**Task objective:** Leaving out all pictures, reproduce the entries below exactly, from the first line through the line that contains "in each stage".

[Image-text web data]
+ + + + +

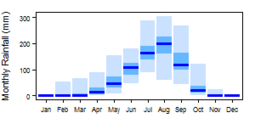Average monthly precipitation showing minimum and maximum (light blue), 25th and 75th percentile (blue), and median (dark blue) rainfall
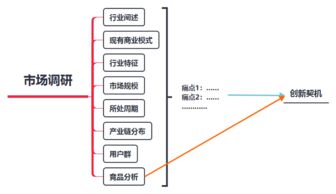 企業(yè)創(chuàng)新，你做市場調(diào)研了嗎？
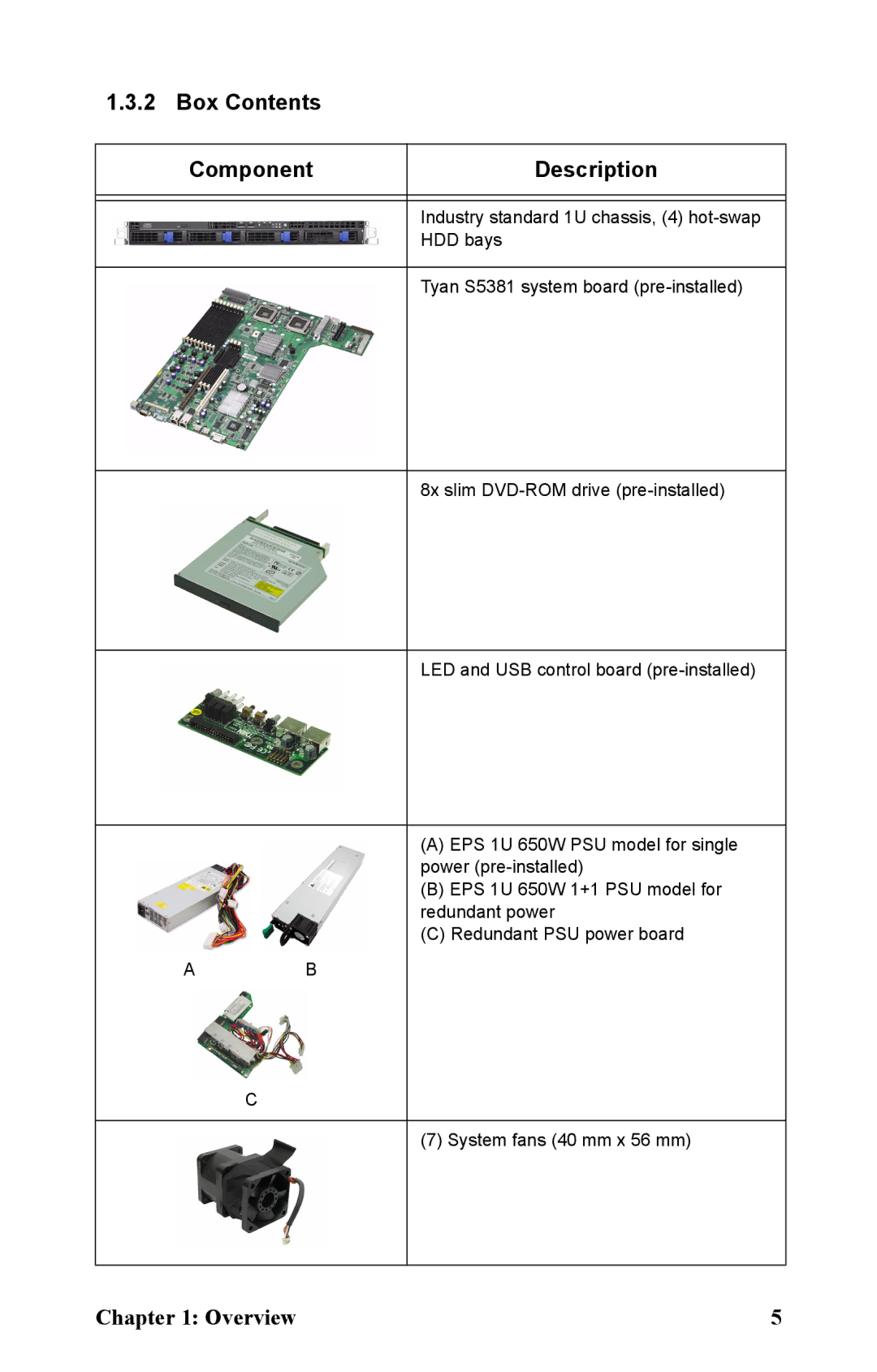 Tyan Computer B5381 manual Box Contents Component Description 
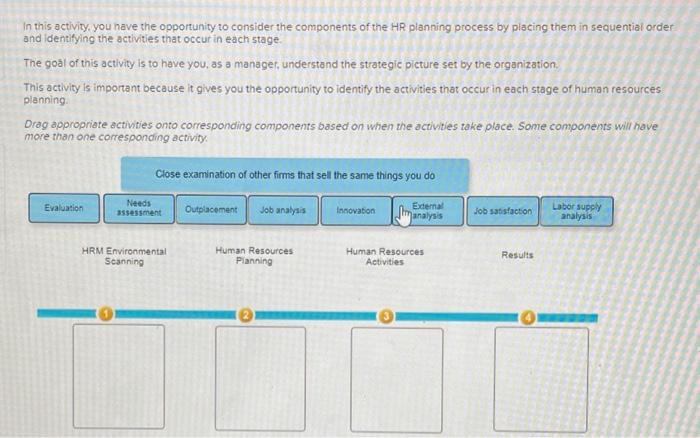 in each stage of human resources planning. Orag appropriate activities onto corresponding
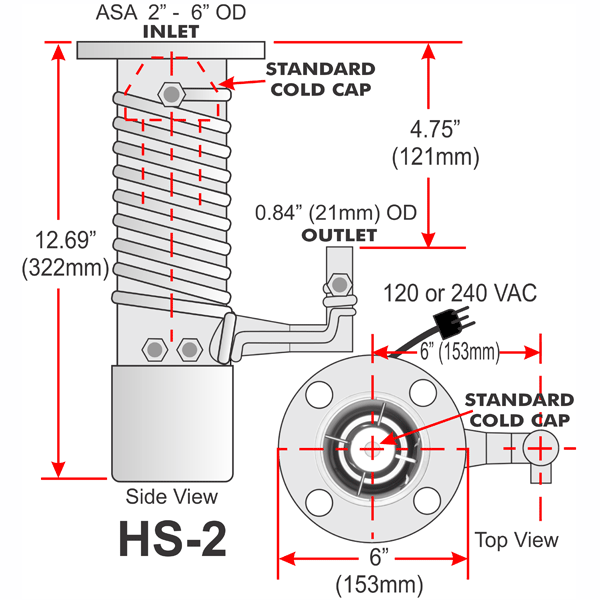 Agilent Varian HS2 HS2, Water Cooled Vacuum Diffusion Pump ASA Standard Cold Cap 240V, 450W. PN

+ + + + +

**Response area:**
Average monthly precipitation showing minimum and maximum (light blue), 25th and 75th percentile (blue), and median (dark blue) rainfall
 企業(yè)創(chuàng)新，你做市場調(diào)研了嗎？
 Tyan Computer B5381 manual Box Contents Component Description 
 in each stage of human resources planning. Orag appropriate activities onto corresponding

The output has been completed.